### EXERCISE DIRECTIONS:
Transcribe all the lines below exactly. Omit the pictures.

### GIVEN MATERIAL:
BEGIN

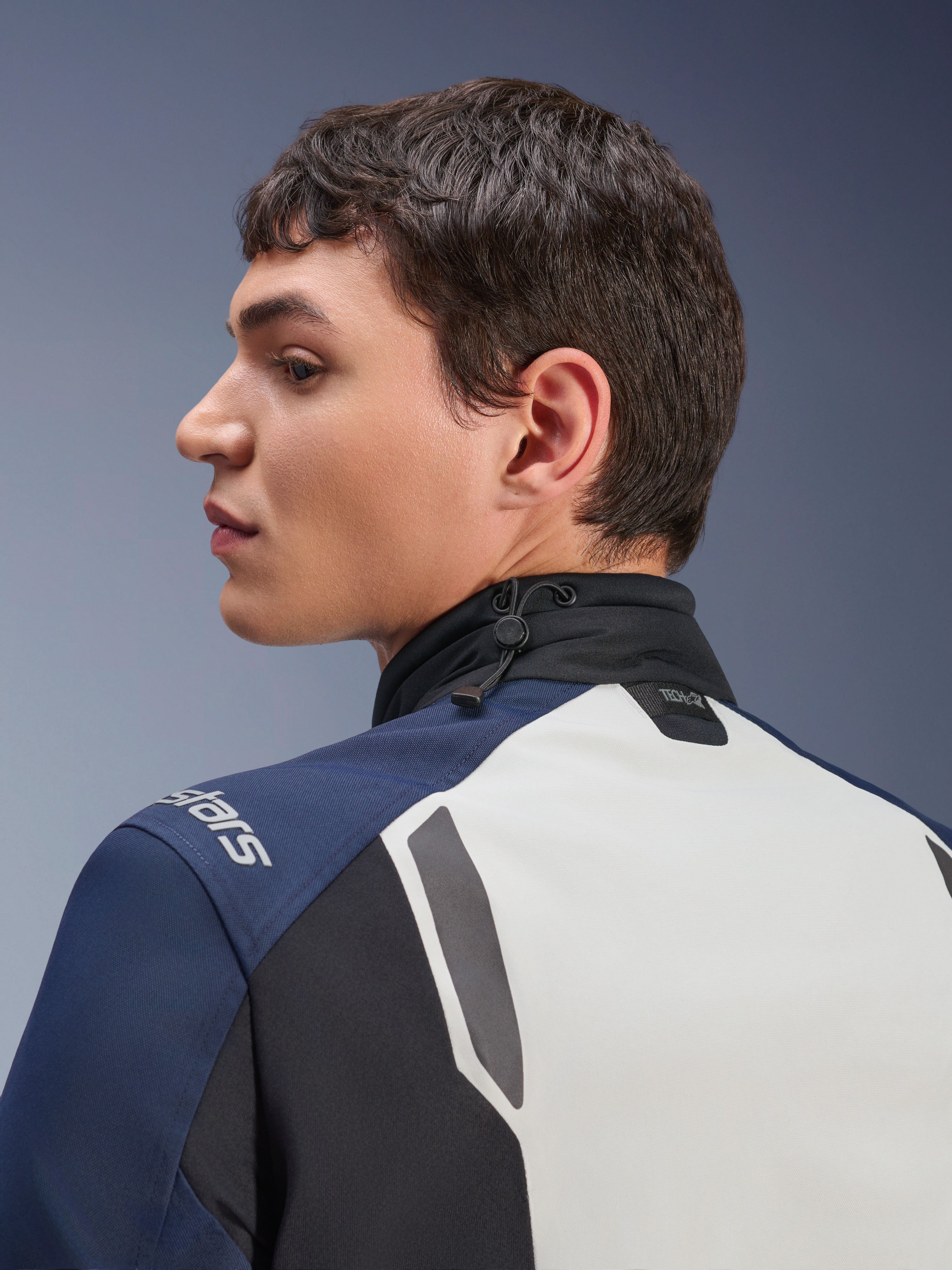 Alpinestars ST-7 2L GORE-TEX Jacke, Nahaufnahme der Profilansicht von Rücken- und Nackenbereich, Ice Gray, Dunkelblau und Schwarz, mit verstellbarem Kordelzug am Kragen und Tech-Air-Branding, erstklassige Adventure-Touring-Motorradjacke.
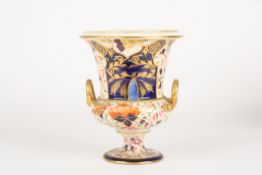 An early 19th century Derby Imari campagna urndecorated with orange flowers, leaves and scrolls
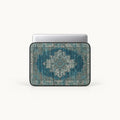 Vintage oriental Persian carpet rug pattern in teal and beige on a padded laptop sleeve by SLEEVER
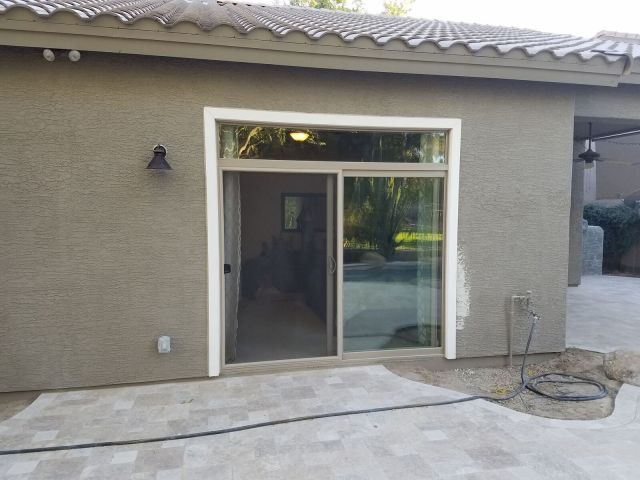 This was a window to patio door conversion. Stared as a bedroom window and the homeowner wanted to add a patio door instead. We preformed the cut down of the new opening and supplied a beautiful Simonton Contemporary Patio Door with a window / transom abo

END

### OUTPUT FOR THIS TASK:
 Alpinestars ST-7 2L GORE-TEX Jacke, Nahaufnahme der Profilansicht von Rücken- und Nackenbereich, Ice Gray, Dunkelblau und Schwarz, mit verstellbarem Kordelzug am Kragen und Tech-Air-Branding, erstklassige Adventure-Touring-Motorradjacke.
 An early 19th century Derby Imari campagna urndecorated with orange flowers, leaves and scrolls
 Vintage oriental Persian carpet rug pattern in teal and beige on a padded laptop sleeve by SLEEVER
 This was a window to patio door conversion. Stared as a bedroom window and the homeowner wanted to add a patio door instead. We preformed the cut down of the new opening and supplied a beautiful Simonton Contemporary Patio Door with a window / transom abo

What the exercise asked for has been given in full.